**ACTIVITY**
Look in the listing below for the line that has "Kuchipoo Boys Printed", then return it and each following line up to and including the one with "Graceveil Designer Lace", exactly and without pictures.

**RECORD EXTRACTS**

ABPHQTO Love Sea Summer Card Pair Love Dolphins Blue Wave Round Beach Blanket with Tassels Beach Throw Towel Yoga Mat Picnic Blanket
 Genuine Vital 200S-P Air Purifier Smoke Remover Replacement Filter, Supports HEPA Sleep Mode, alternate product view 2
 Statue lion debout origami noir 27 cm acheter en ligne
--
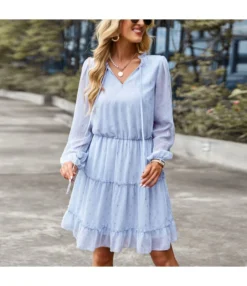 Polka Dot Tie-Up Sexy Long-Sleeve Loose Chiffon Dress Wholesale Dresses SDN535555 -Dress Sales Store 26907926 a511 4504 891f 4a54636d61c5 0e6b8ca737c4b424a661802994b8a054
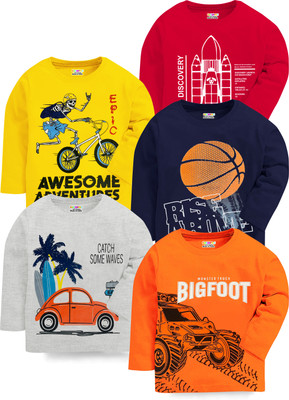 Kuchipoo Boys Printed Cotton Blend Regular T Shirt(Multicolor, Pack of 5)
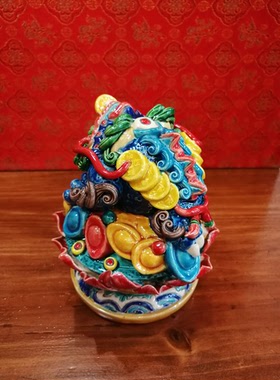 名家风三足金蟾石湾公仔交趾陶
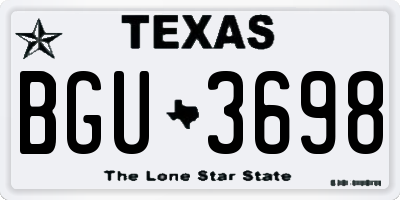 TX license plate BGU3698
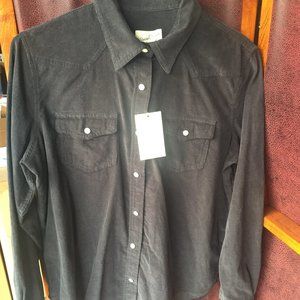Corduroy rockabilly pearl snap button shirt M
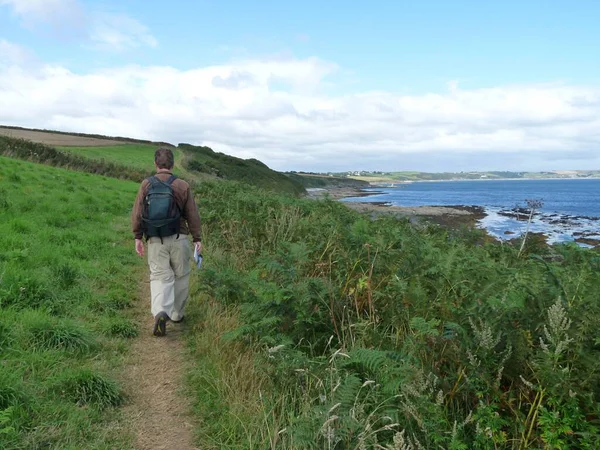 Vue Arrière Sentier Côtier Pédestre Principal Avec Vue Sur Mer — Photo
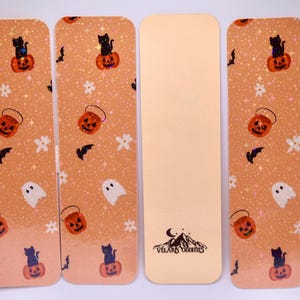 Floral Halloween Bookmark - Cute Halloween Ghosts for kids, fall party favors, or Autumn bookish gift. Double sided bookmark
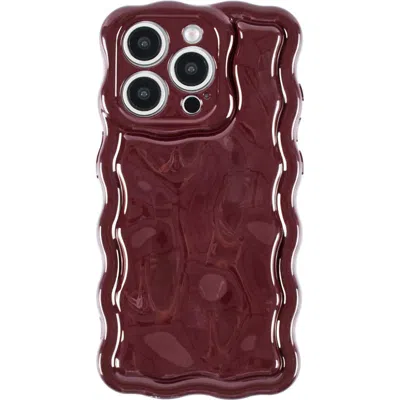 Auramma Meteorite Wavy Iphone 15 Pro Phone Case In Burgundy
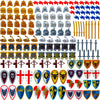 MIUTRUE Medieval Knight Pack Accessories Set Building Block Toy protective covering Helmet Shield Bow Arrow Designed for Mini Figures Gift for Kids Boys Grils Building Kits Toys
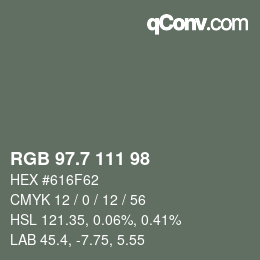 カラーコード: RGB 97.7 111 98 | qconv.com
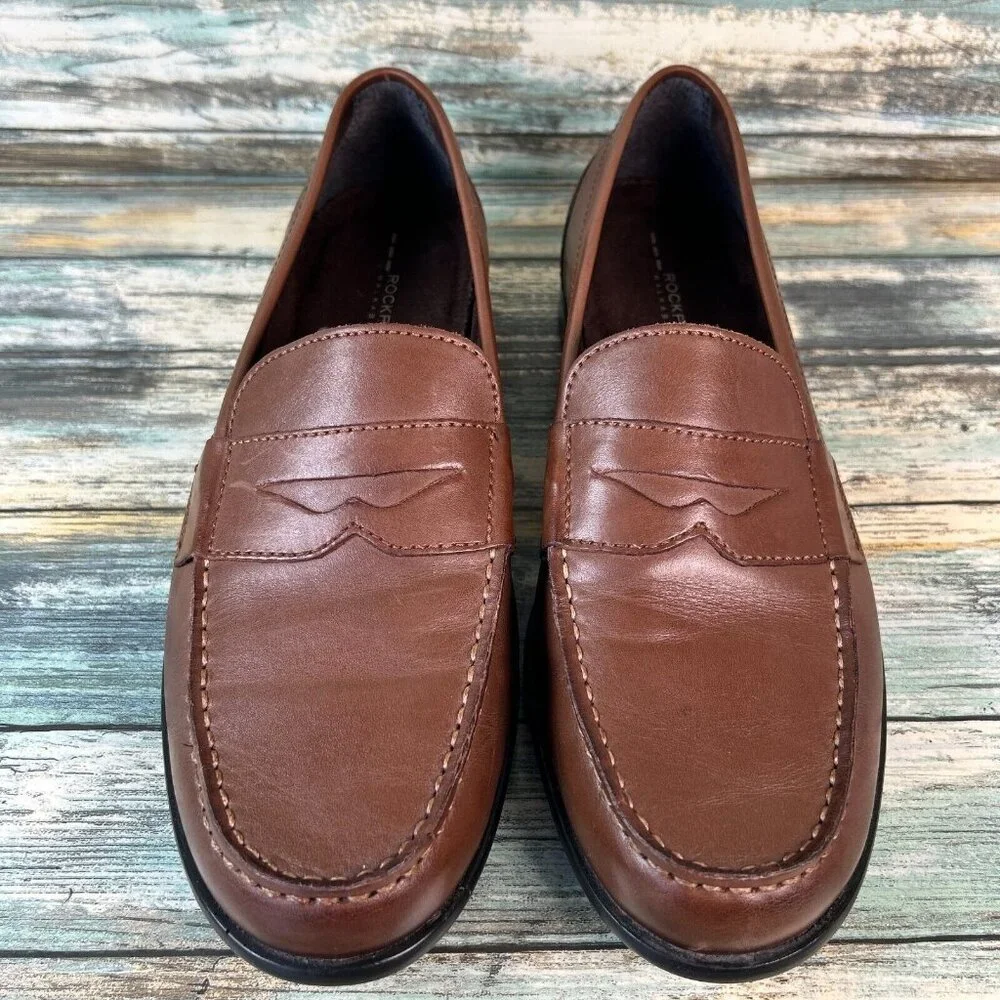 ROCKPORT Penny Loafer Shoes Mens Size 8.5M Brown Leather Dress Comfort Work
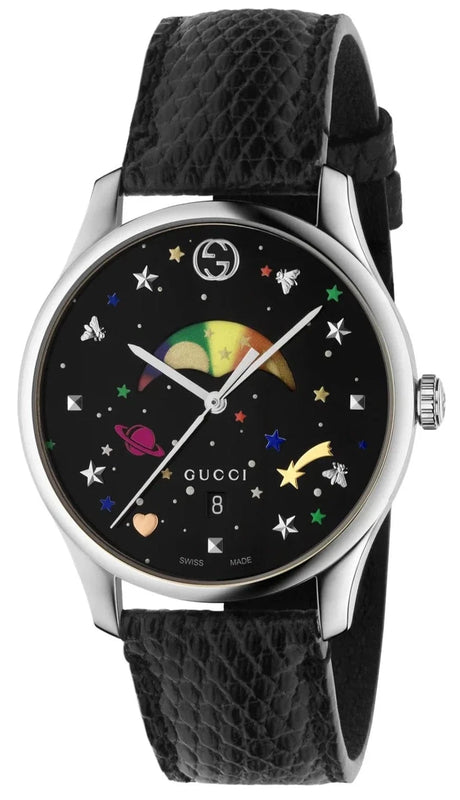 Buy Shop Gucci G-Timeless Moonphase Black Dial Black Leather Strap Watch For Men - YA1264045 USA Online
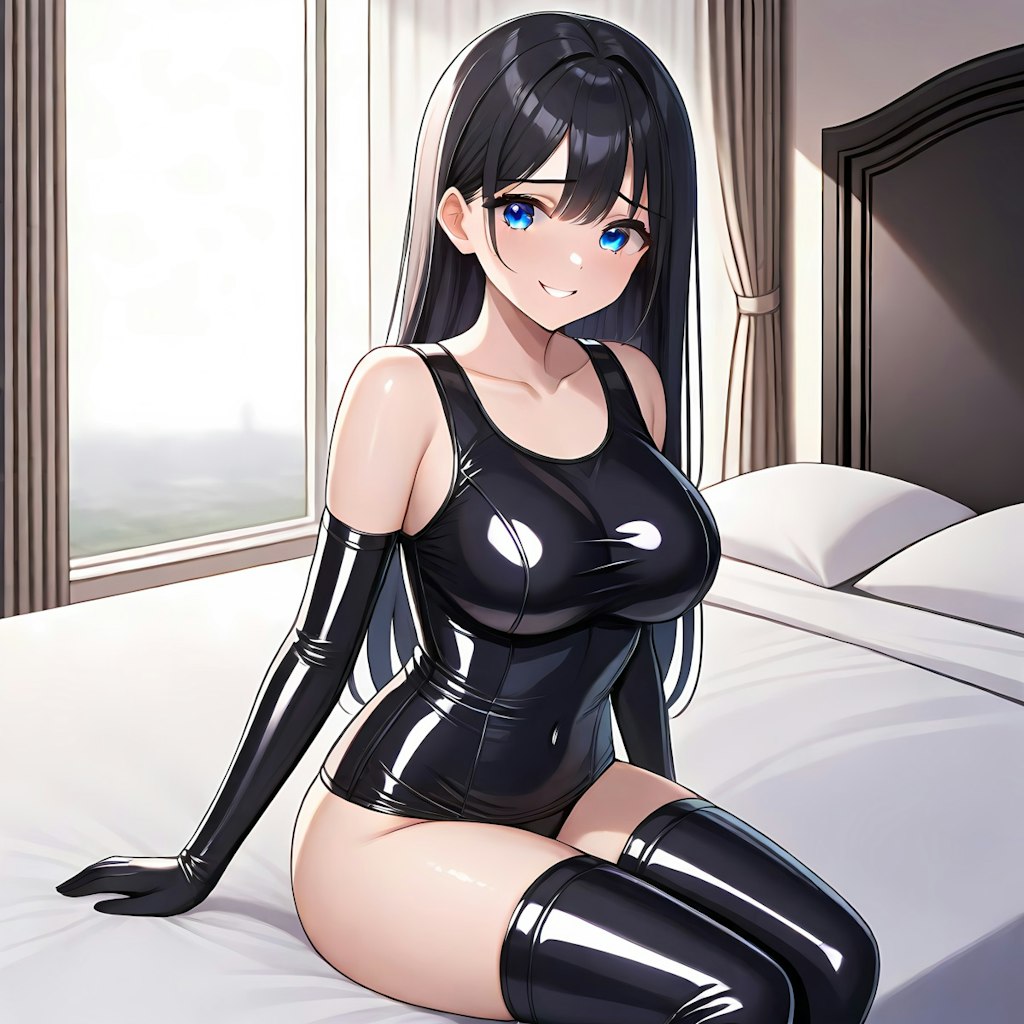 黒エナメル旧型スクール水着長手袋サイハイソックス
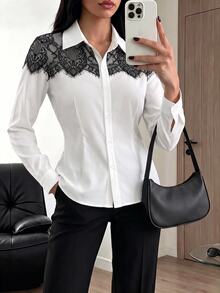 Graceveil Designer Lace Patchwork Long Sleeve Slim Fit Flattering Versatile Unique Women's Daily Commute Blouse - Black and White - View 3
==
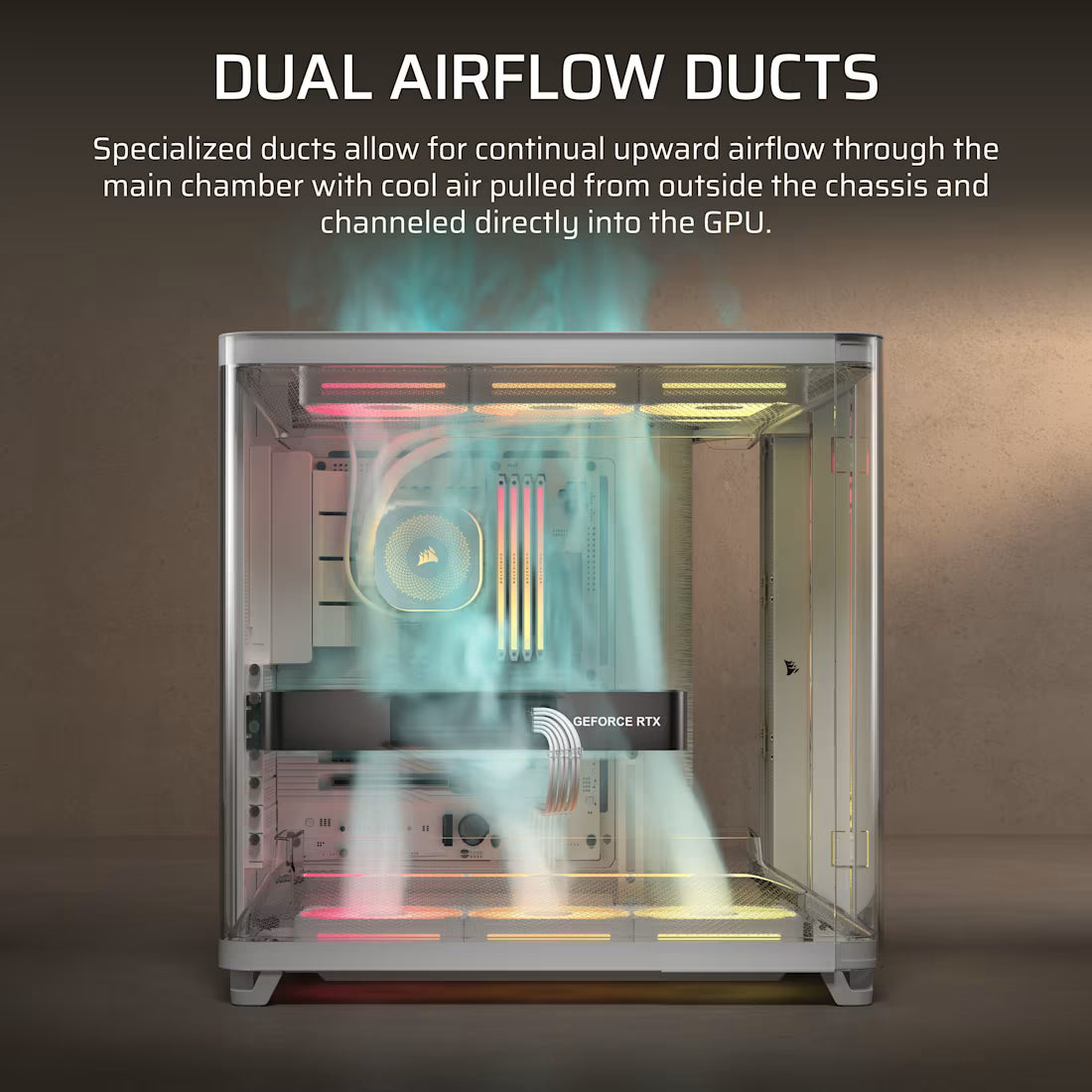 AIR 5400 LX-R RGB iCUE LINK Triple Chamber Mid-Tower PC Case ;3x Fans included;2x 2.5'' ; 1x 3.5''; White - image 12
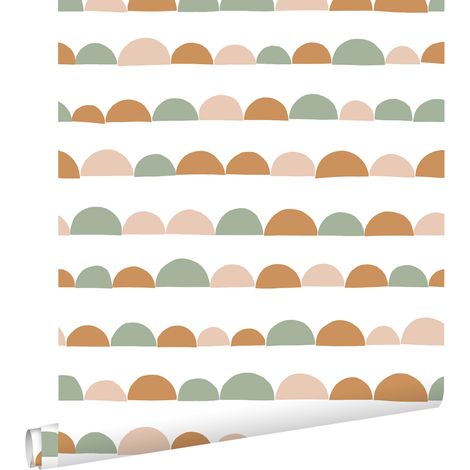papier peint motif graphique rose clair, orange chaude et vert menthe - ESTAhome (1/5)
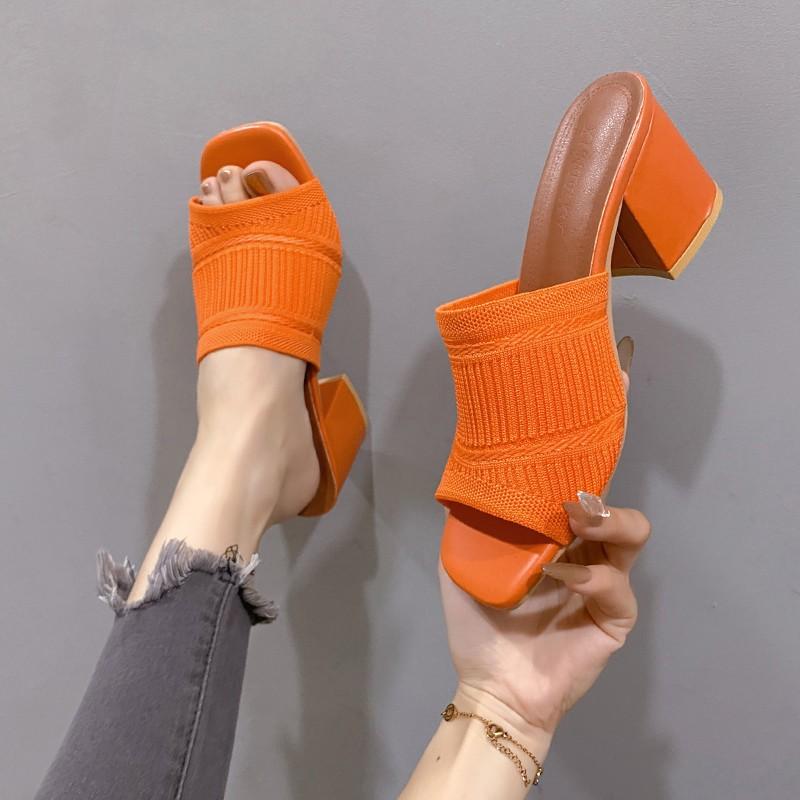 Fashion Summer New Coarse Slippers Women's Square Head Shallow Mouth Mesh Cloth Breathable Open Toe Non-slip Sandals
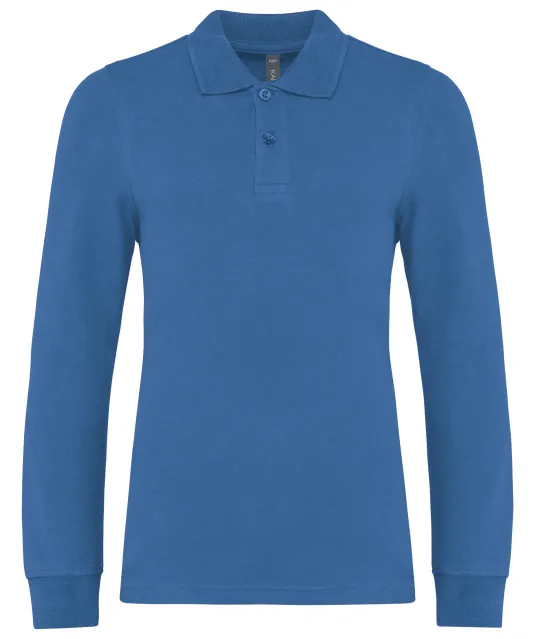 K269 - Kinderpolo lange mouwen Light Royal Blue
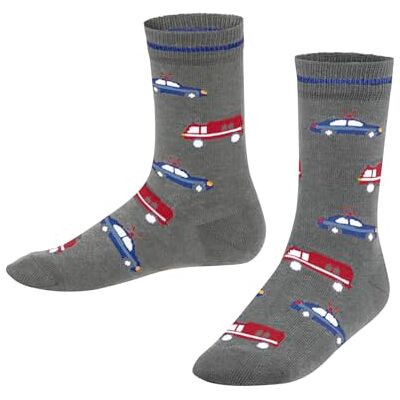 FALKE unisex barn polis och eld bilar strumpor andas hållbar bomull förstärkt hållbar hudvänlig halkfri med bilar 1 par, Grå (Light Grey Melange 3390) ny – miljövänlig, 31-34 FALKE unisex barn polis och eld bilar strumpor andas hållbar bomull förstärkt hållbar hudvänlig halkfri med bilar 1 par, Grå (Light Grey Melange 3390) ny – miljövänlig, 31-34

**ANSWER AREA**
 Kuchipoo Boys Printed Cotton Blend Regular T Shirt(Multicolor, Pack of 5)
 名家风三足金蟾石湾公仔交趾陶
 TX license plate BGU3698
Corduroy rockabilly pearl snap button shirt M
 Vue Arrière Sentier Côtier Pédestre Principal Avec Vue Sur Mer — Photo
 Floral Halloween Bookmark - Cute Halloween Ghosts for kids, fall party favors, or Autumn bookish gift. Double sided bookmark
 Auramma Meteorite Wavy Iphone 15 Pro Phone Case In Burgundy
 MIUTRUE Medieval Knight Pack Accessories Set Building Block Toy protective covering Helmet Shield Bow Arrow Designed for Mini Figures Gift for Kids Boys Grils Building Kits Toys
 カラーコード: RGB 97.7 111 98 | qconv.com
 ROCKPORT Penny Loafer Shoes Mens Size 8.5M Brown Leather Dress Comfort Work
 Buy Shop Gucci G-Timeless Moonphase Black Dial Black Leather Strap Watch For Men - YA1264045 USA Online
 黒エナメル旧型スクール水着長手袋サイハイソックス
 Graceveil Designer Lace Patchwork Long Sleeve Slim Fit Flattering Versatile Unique Women's Daily Commute Blouse - Black and White - View 3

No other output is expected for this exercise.